I read those words this morning in an email from the Highlight's for Children workshop email I get periodically. Author Jerry Spinelli said it doesn't matter what you write, if you care about what you're writing, it will do more than any query or any synopsis could ever do. "Bleed your words onto the page" he said. Hmmm, I've heard that one before...
What do we care about? Our families, our friends, our beliefs, our convictions. How do we put those into story? How do we take our deepest, most elemental level and cram it into 300+ pages that will grab a reader, wring them out dry and fill them full of whatever it is they need, crave, desire?

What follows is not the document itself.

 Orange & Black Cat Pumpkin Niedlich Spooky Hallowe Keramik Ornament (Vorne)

That's for the writer to decide. That's for the word weaver to determine. A pattern, a quilt, an intricate ivy that follows, not the bricks and mortar, but the delicate iron work it was planted around. The bricks and mortar. The book. The structure. The Elements of Style, the Shoots and the Leaves, the Woe is I. The iron work is the filigree, the waltz between craft. A reader doesn't know they care about syntax. But they do care about the dance. They care about the music.
What do you care about? Do you care about your work in progress? Did you at one time? If you don't any more, why not? Starred at it too long? Trying to write for a more popular genre than what you enjoy? Hmmm...a quandary indeed.

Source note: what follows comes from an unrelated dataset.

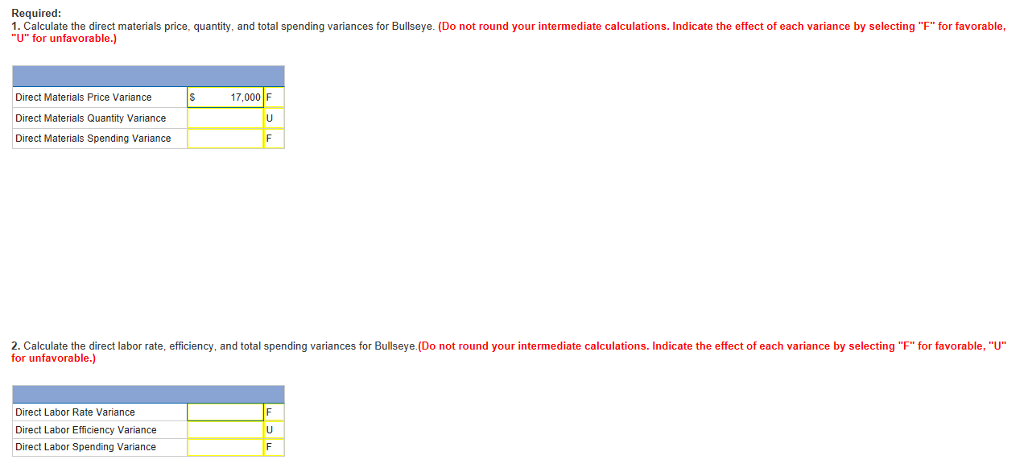 advance! 3. 10.000 points Bullseye Company manufactures dartboards. Its standard cost information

I find I don't care about my trilogy. I don't. Honest to goodness don't. I try to edit it and I cringe, shrug my shoulders, hurry through. Why, I ask. I was so passionate about it for so long and then...kaput. Nothing. Did I look at it too long? Did I pick it apart too much? Perhaps. But - and here's what troubles me - I'm not happy with it. It's a deep unsettling. Something is not right with it. What? I don't know. But I don't believe it.
How can you care about something if you don't believe it?
So, I ask you again, ask myself again, "What do you CARE about?"
If you once cared about your wip, why no longer? If you're writing and feel aimless, why? Take some time this weekend, just a little will do, and remember why you wrote that story to begin with. Chances are, it wasn't to be the next J.K. Rowling. It was to speak and be heard. Remember the message. Care again. And believe.